Teaching arithmetic requires a great deal of drilling, because to be truly useful it has to be almost a conditioned reflex. Similar to reading, in a sense. Reading should come so naturally to you - be such an integral part of how your brain works, if you will - that when you see a signpost, you should start reading what it says even before your conscious self catches up to what's going on. Similarly with arithmetics.
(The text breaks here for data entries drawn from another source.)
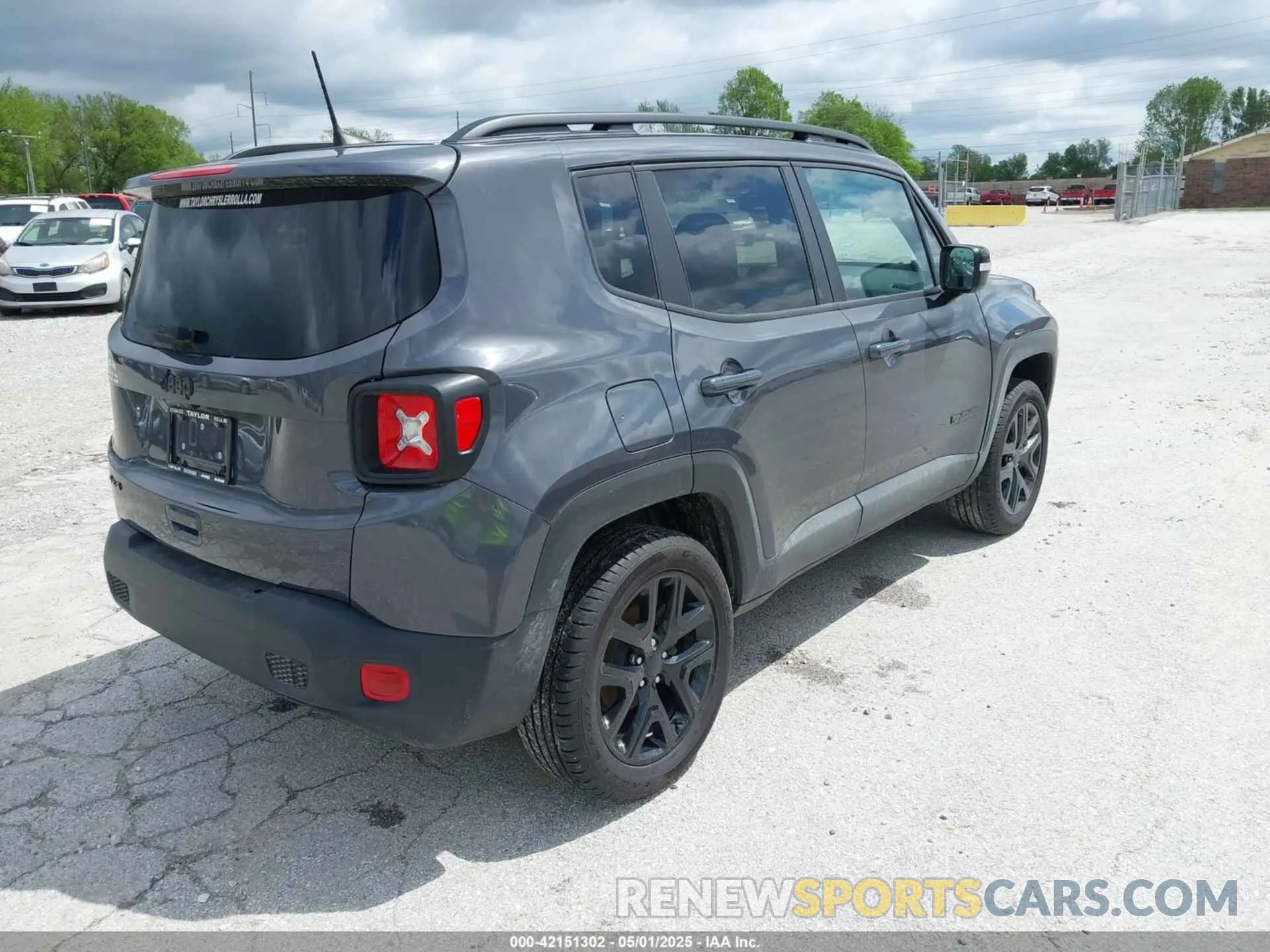 4 Photograph of a damaged car ZACNJDE14PPP10533 JEEP RENEGADE 2023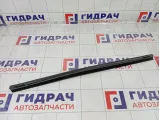Уплотнитель стекла переднего правого Renault Duster 8200760255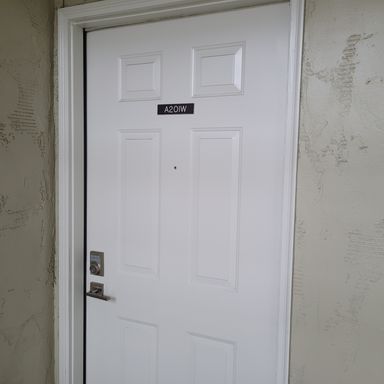 Listing photo thumbnail
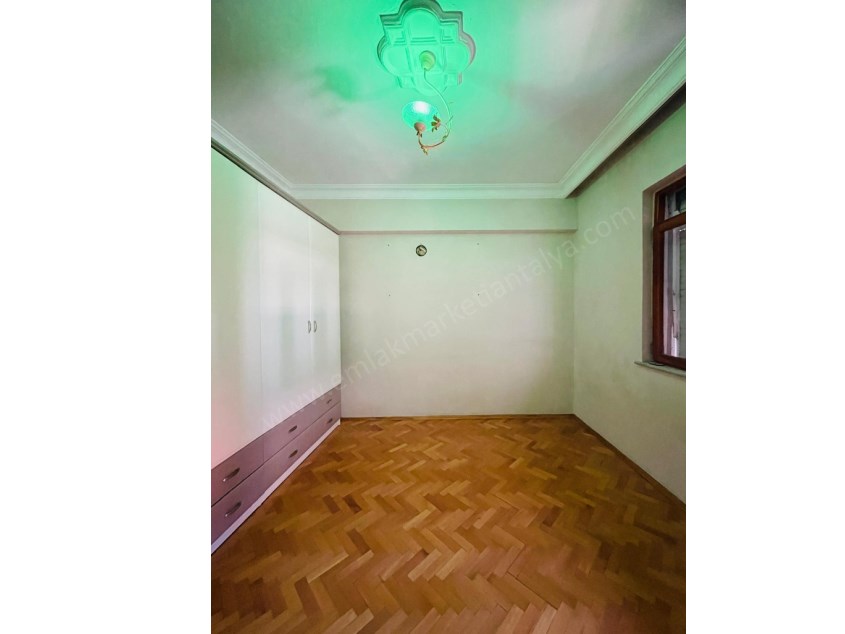 ZERDALİLİĞİN EN MUHTEŞEM LOKASYONUNDA ASANSÖRLÜ AYRI MUTFAK 3+1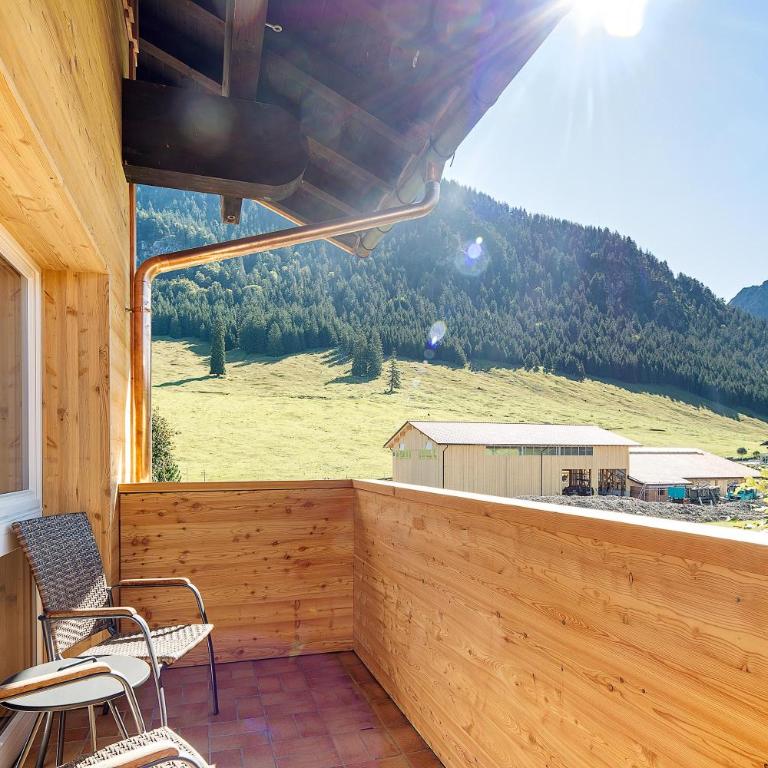 Hotel Kühberg - Familienzimmer mit Bergblick - 2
When you see a problem, you should start solving it automatically, with the same instinctive part of your brain that makes you snatch your hand away from a heated cooking pot.
In the same thread, kcurie wrote:
So a more proper solution will be a 13-15 (3 years) compulsory of pure language and math for everyone (langue means understanding gramming and memorizingg vocabulary and comprehensive reading.. yes.. memorize is GOOOOOOD.. no matter what a stupid pshycologist will tell you... the good ones already chnged their opinoon at least on this one) and basic logic and math for any mature life...
A question for yez
What are the fundamentals of mathematics no fifteen year old should be without?
Now, maybe that is a list too far. (I really don't know.)
Let me try....a quote from Migeru.
if people want to teach themselves you are just a facilitator
It's in the edge--the wide valley bottom--where learning occurs.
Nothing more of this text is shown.